I was where you are on this subject a short while ago when I decided to get back into a hobby I had enjoyed as a boy. Now with the help of Woodie and many others on this forum I have a clearer idea of the direction that I am going. I’m not sure, but I don’t think your existing throttle can be made to give the commands to the locomotive without additional components and maybe not even then.

There are four basic categories of model railroad control: DC, DCC, RDCC (Radio Digital Command Control) and RCC (Radio Command Control). I ruled out DC and DCC for the disadvantages than many on this forum have commented on.

My next decision point was whether to go with RDCC or RCC. They are significantly different technologies.

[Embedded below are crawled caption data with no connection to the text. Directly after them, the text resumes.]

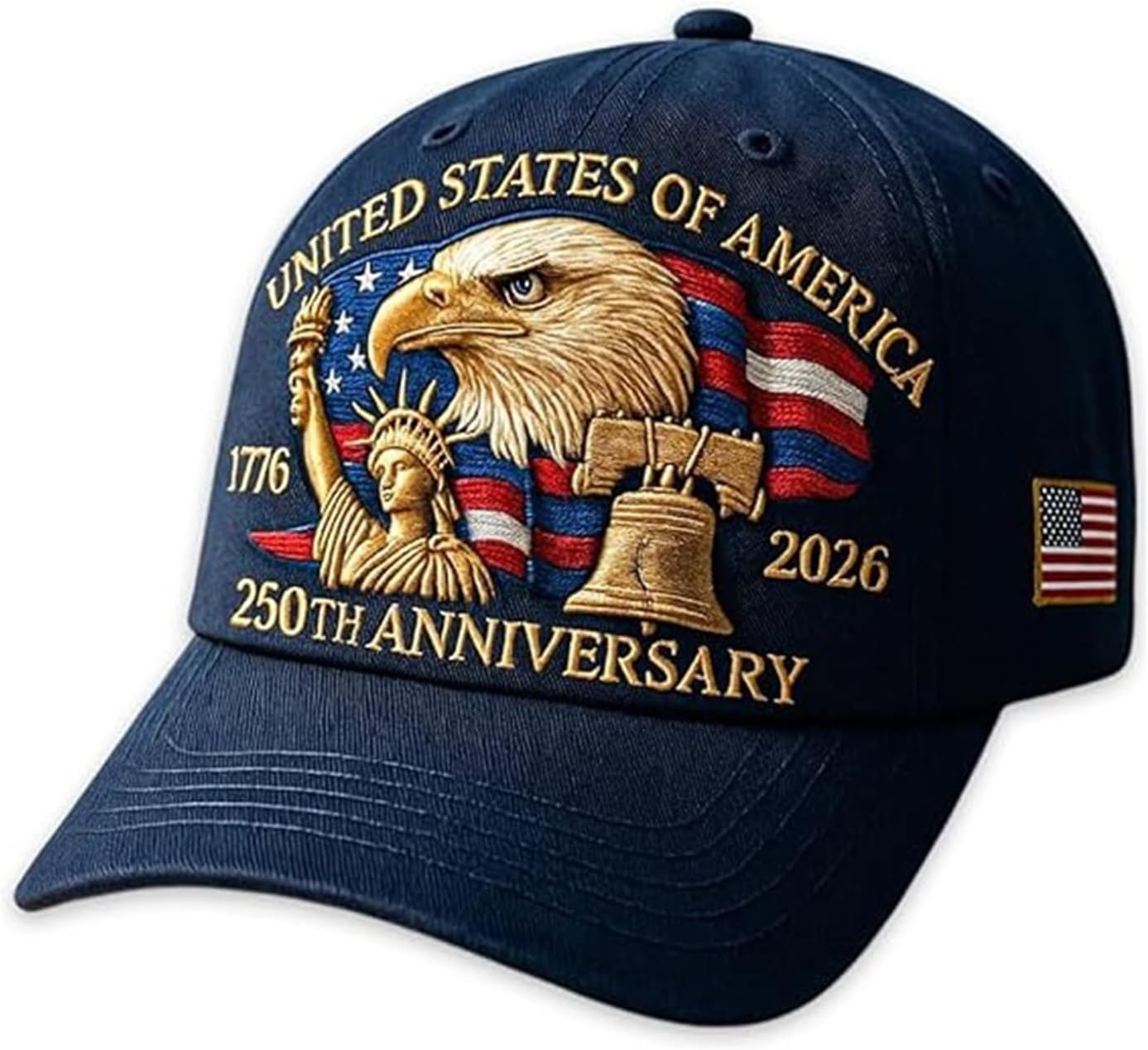 Eagle – United States 250th Anniversary Hat: Adjustable 250 Year American Anniversary Cap, USA Patriotic Caps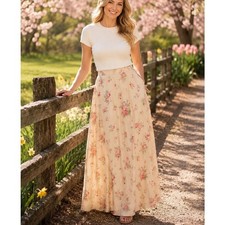 Lauren Ralph Lauren Linen Floral Maxi Skirt Beige Pink Cottagecore Size 6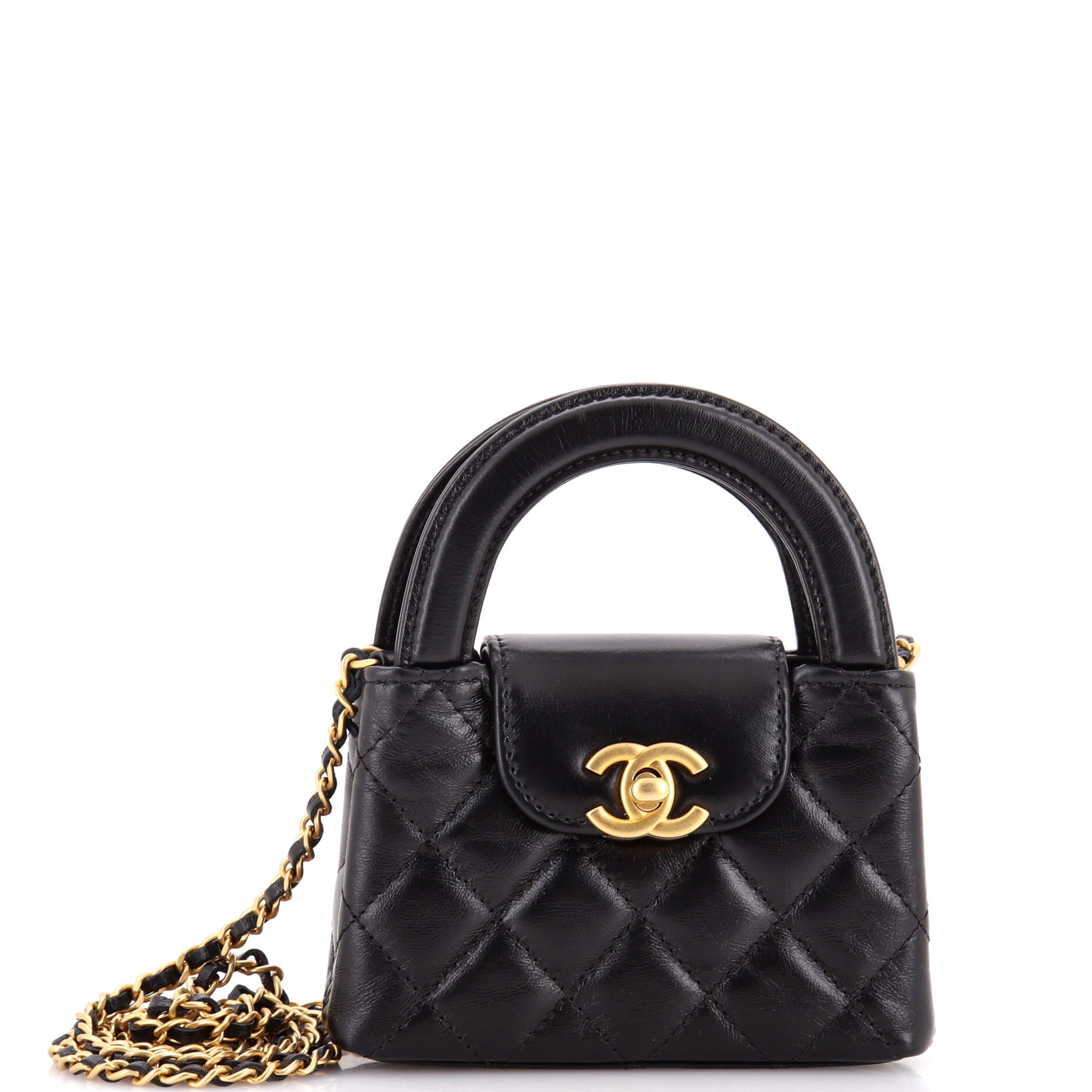 Kelly Top Handle Shopping Bag Quilted Shiny Aged Calfskin Nano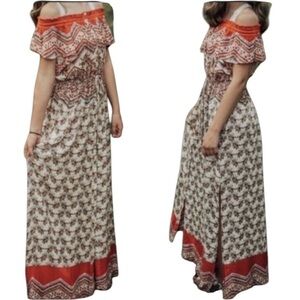 ANTHRO PATRONS OF PEACE RED MULTI OFF THE SHOULDER RAYON FLORAL MAXI DRESS XS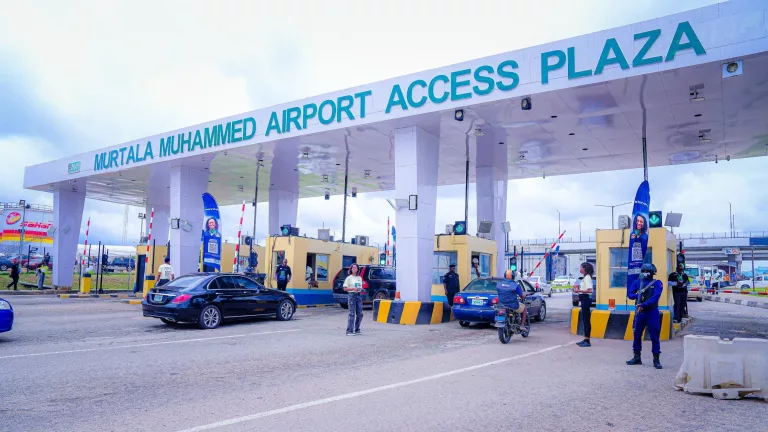 Nigeria airport tollgate, Lagos airport traffic queues, Abuja airport entrance system, FAAN gold card payment, African airport infrastructure upgrade, airport digital payment system Africa, Lagos travel congestion, Abuja airport access lanes, smart transport Nigeria, Getaway Magazine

I had 2 main concerns: whether one was superior to the other when it came to 1) SMOOTHNESS and 2) SOUND. Hence I named the thread: “RC Smoothness and Sound”.

I am satisfied that there is no advantage to RDCC or RCC when it comes to smoothness. Depending on the quality of the locomotive and some individual tweaking, either can be wonderfully smooth, even at low speed (far smoother than a wired track with its inevitable dead spots).

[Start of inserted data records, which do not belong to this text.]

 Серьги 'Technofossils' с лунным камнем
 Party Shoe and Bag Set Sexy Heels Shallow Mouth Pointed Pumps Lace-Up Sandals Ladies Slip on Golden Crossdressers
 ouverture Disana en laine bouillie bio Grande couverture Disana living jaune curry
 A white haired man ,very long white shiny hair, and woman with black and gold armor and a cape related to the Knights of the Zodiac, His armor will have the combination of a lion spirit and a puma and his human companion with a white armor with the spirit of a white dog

If sound is essential to you then RDCC is more developed than RCC (where sound is still at the vapor ware stage, as far as I can tell). Probably the closest thing to off the shelf radio controlled DCC with sound is S-CAB (link provided by Tom, above) although it is limited to operating about 6 locomotives simultaneously (more than enough for anything that I am planning). Tam Valley is developing a full blown RDCC system (complete with DCC Command Station) but it looks like it is still in the prototype stage. I am working in HO scale which imposes some limiting space constraints which may rule out some of the other options that have been mentioned.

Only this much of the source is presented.